**WORK TASK:** An exact copy of the lines of the listing below between the "EV6G8T North Dakota License Plate" line and the "RUNHUIS Heart Sunglasses" line, both included, is the whole answer; please omit the pictures.

**RECORD EXCERPTS:**
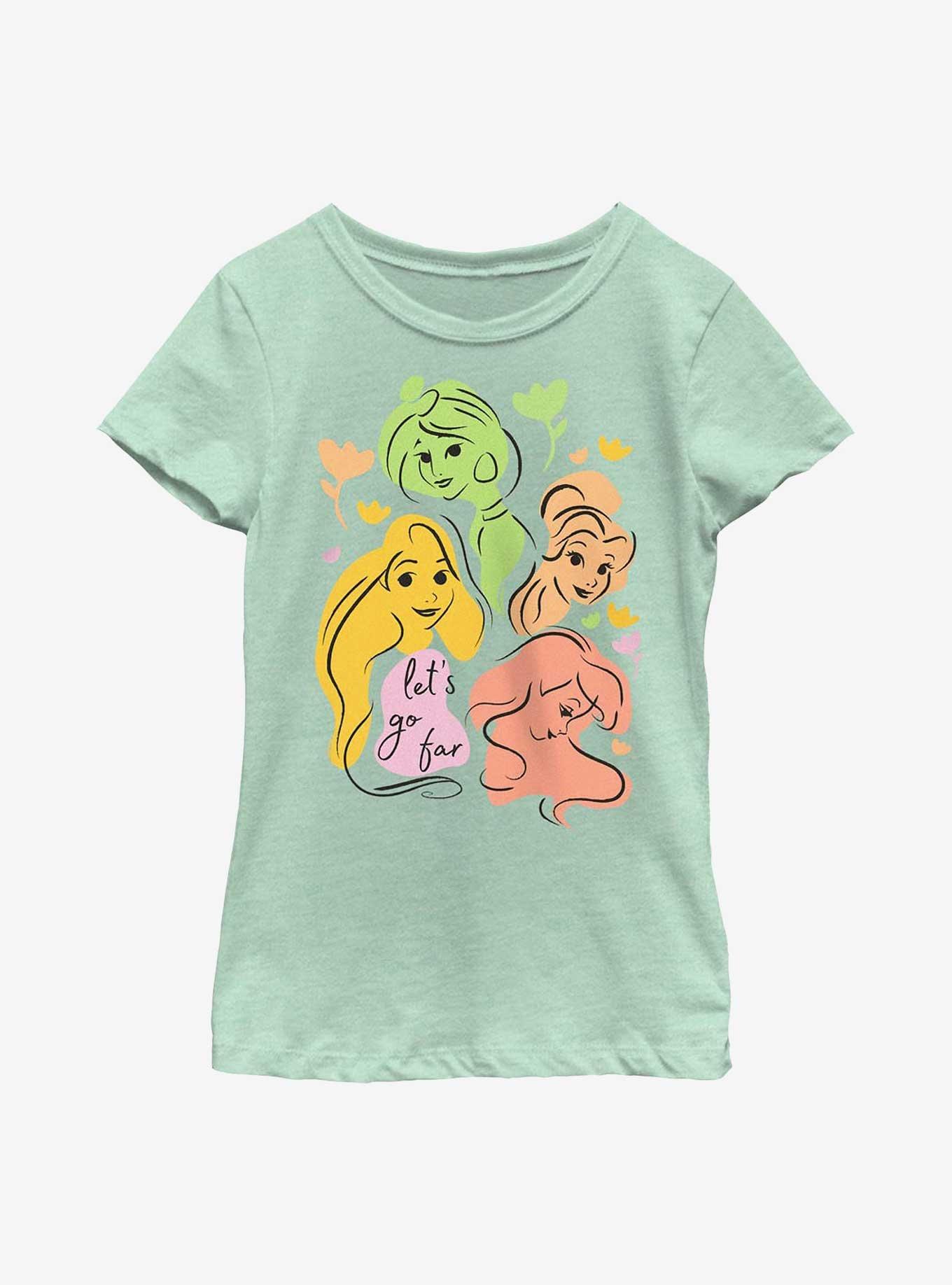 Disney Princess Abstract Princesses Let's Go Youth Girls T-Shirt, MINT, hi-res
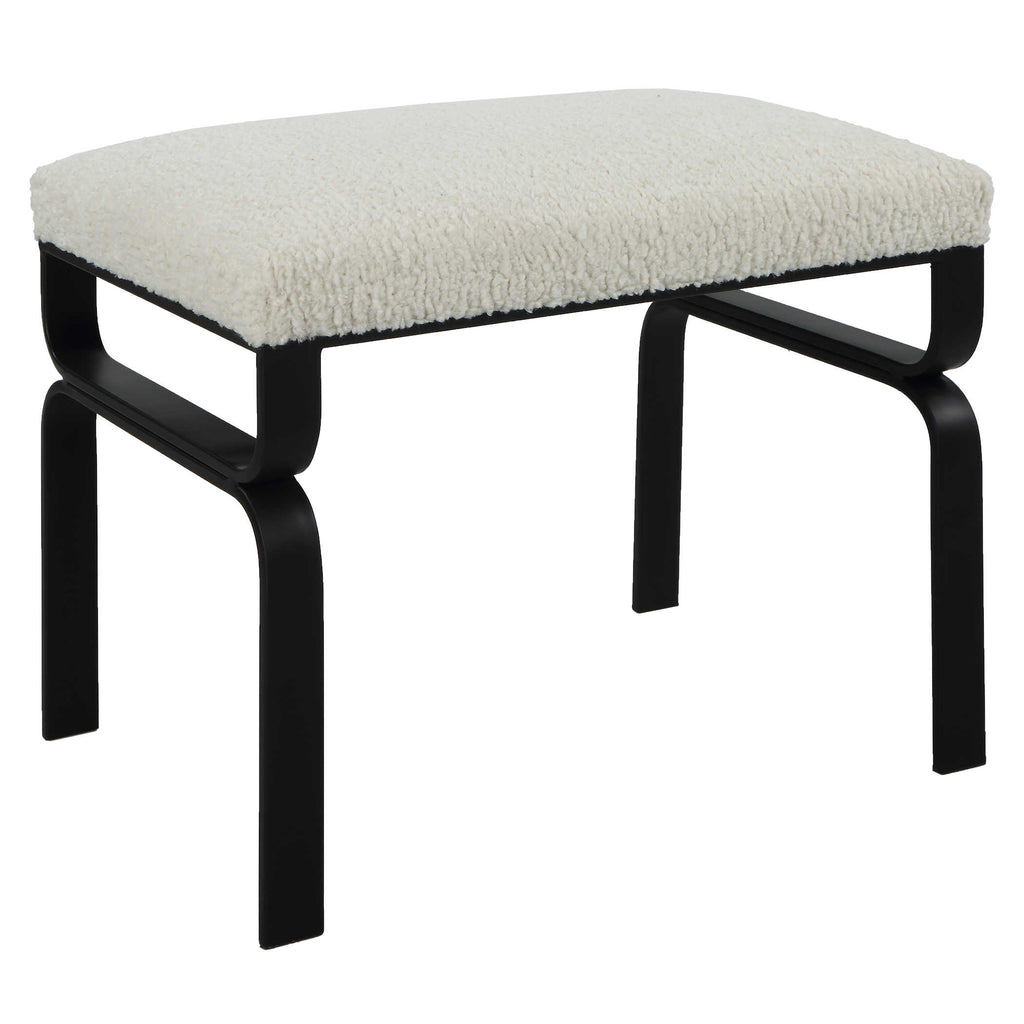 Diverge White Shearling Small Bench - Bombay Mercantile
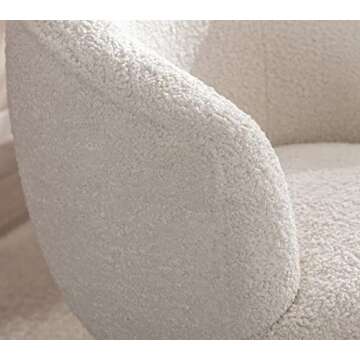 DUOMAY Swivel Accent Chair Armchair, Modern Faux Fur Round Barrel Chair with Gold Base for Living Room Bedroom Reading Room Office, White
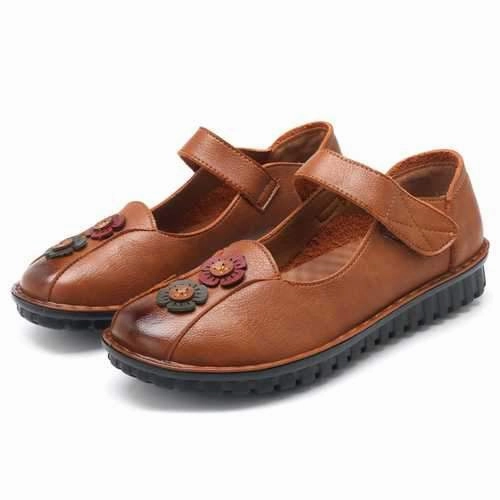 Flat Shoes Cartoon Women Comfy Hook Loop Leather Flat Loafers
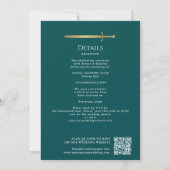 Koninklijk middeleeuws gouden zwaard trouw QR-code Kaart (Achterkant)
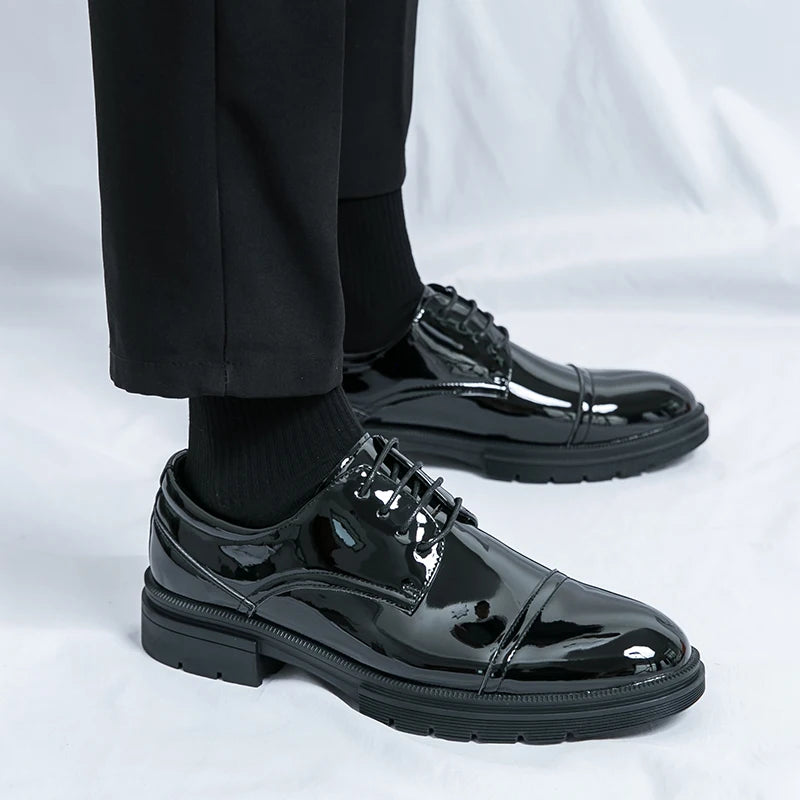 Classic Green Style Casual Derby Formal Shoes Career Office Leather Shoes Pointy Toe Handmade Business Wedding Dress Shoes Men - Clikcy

* * *

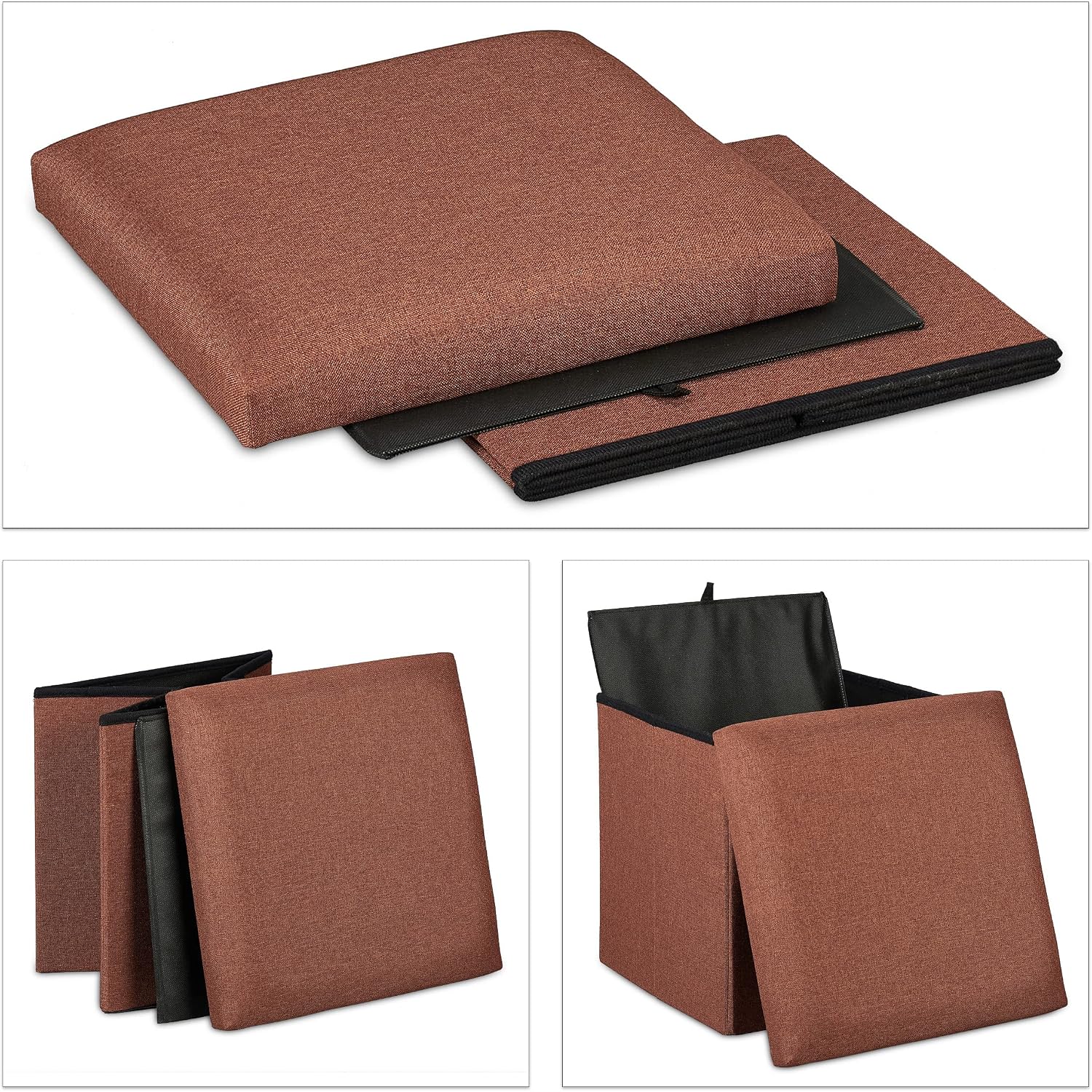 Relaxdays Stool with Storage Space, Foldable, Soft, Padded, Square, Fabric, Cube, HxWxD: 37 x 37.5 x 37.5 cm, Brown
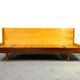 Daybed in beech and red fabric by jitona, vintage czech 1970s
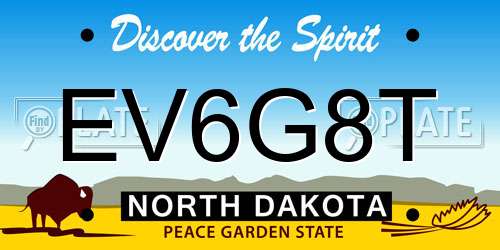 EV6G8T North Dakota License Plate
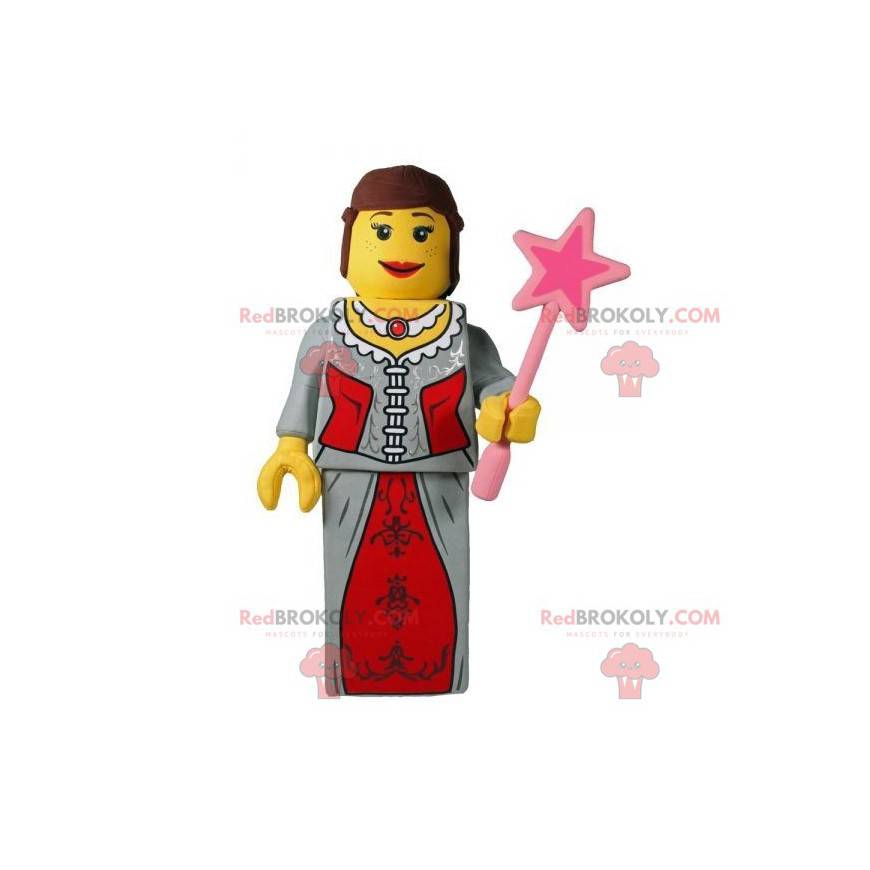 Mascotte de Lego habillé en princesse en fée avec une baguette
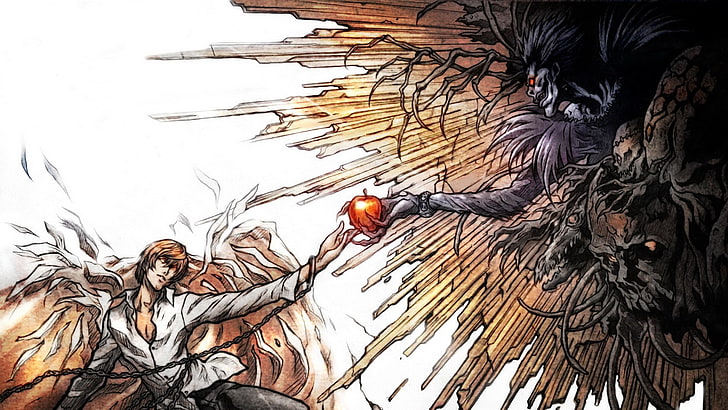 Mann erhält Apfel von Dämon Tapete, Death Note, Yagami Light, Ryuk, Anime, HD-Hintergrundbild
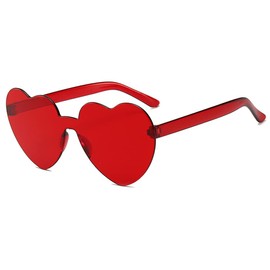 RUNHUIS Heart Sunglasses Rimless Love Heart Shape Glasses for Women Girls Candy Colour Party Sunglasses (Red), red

**TASK SOLUTION:**
 EV6G8T North Dakota License Plate
 Mascotte de Lego habillé en princesse en fée avec une baguette
 Mann erhält Apfel von Dämon Tapete, Death Note, Yagami Light, Ryuk, Anime, HD-Hintergrundbild
 RUNHUIS Heart Sunglasses Rimless Love Heart Shape Glasses for Women Girls Candy Colour Party Sunglasses (Red), red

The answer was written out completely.